All we hear about is the care the Samaritan gave to this stranger who had been left for dead, lying on the road. The Samaritan took him up and ensured he was loved. The injured man was to be given the opportunity to heal amongst professionals, people paid to look after him. We don’t hear about the everyday details, those prosaic facts of washing and swaddling in his absence, but he must have come back to examine the object of his pitying love. He must have judged those professionals by the state of the man after they had treated his wounds. Imagine his wrath if the poor man was in a worse state than when he left originally!

We have to think we ourselves might be those professionals in our own time! We have been given the responsibility to care for each other – isn’t that what Jesus commands? “Love one another as you love your self.” What judgement will he make on us when he comes again in his glory? What judgement do we make upon ourselves, when we consider our behaviour towards our loved ones? But more telling is what judgement we make upon ourselves when we reflect on how we have behaved toward the stranger.
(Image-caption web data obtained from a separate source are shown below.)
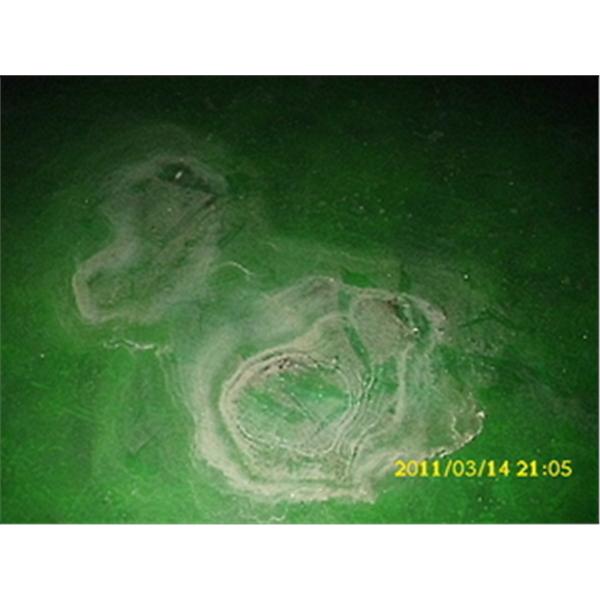 地坪凸出面研磨-永沁油漆工程行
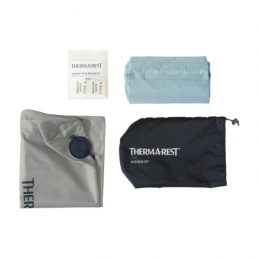 Matelas NeoAir XTherm NXT regular Thermarest, Matelas NeoAir XTherm NXT regular Thermarest, THERM-A-REST, Croque Montagne
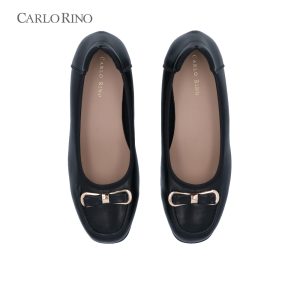 CR Miranda Toe Pumps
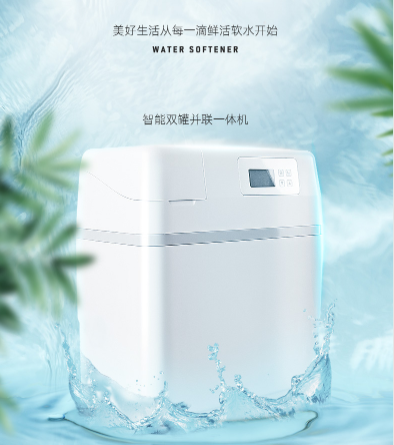 765286750aabb4d357ab9e3c23b4090.png 765286750aabb4d357ab9e3c23b4090.png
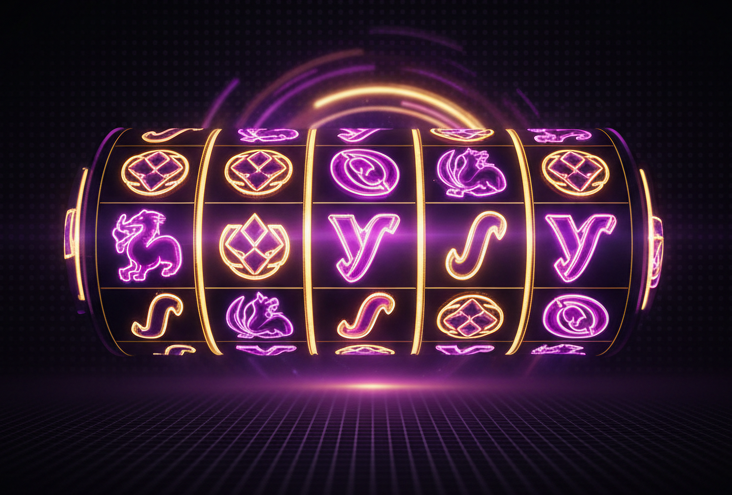 Provider Spotlight: Thunderkick – Quirky Art, Unique Mechanics, and Their Underappreciated 2026 Catalogue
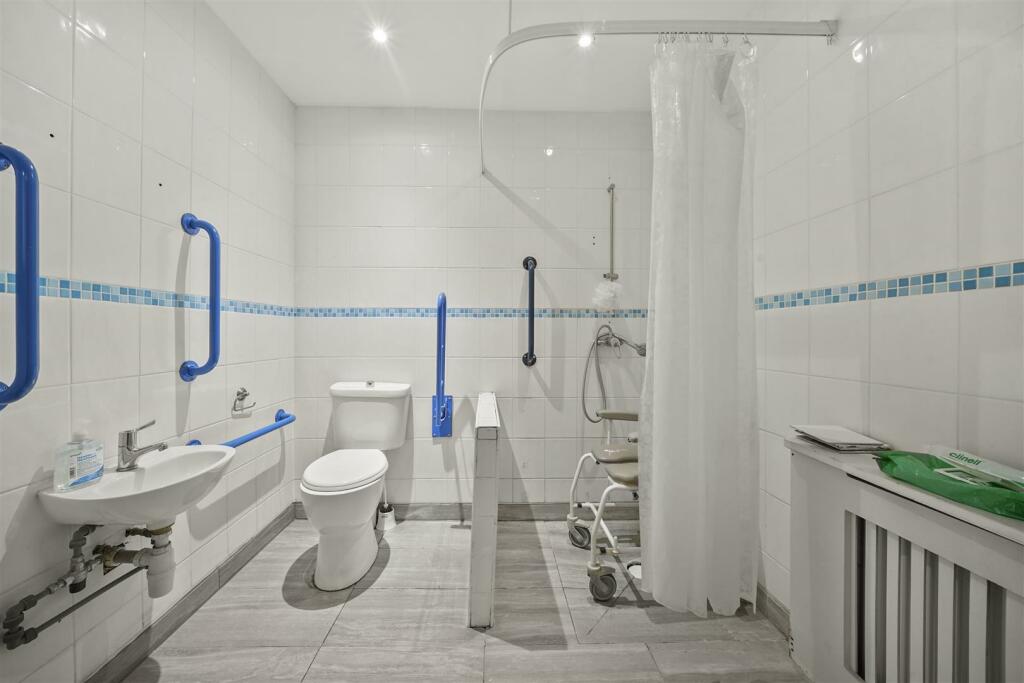 30 Sudbury Avenue - H9eTDGXhJIU4dpictMZk.jpg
I would say the stranger reveals what our eternal values are. Do we open our hearts and purses when we meet any stranger in dire straits? Do we close our hands into a fist to hold on to those things we consider so important in the everyday – do we grasp money and possessions with a passion we don’t show to people? Do we shake our fists at them? Have we closed our hands around the ephemeral at the expense of the eternal?

Paul’s letter to the Colossians speaks to what is lasting in life. He begins to extol their love toward the saints because of their hope, which begins with their understanding of the word of the gospel.

Paul prays for the Colossians, that they may continue to “lead lives worthy of the Lord, fully pleasing to him, as you bear fruit in every good work”. There is a marvellous literature about the fruits of the spirit we’ll leave for another time. But those worthy lives show the command of the Lord in action, loving one another.

That love is an openness which reveals just what is eternal. When we open our hands and hearts, we reveal just what can pass through our fingers. Such things are not what defines our lives. When we open our hands and hearts, we reveal what we hold dear, what we consider lasting. We show our love. We show that we want to be in that eternal relationship of caritasagape when hands stretch out without that ephemeral grasping, rather when hands stretch out opened with eternal love.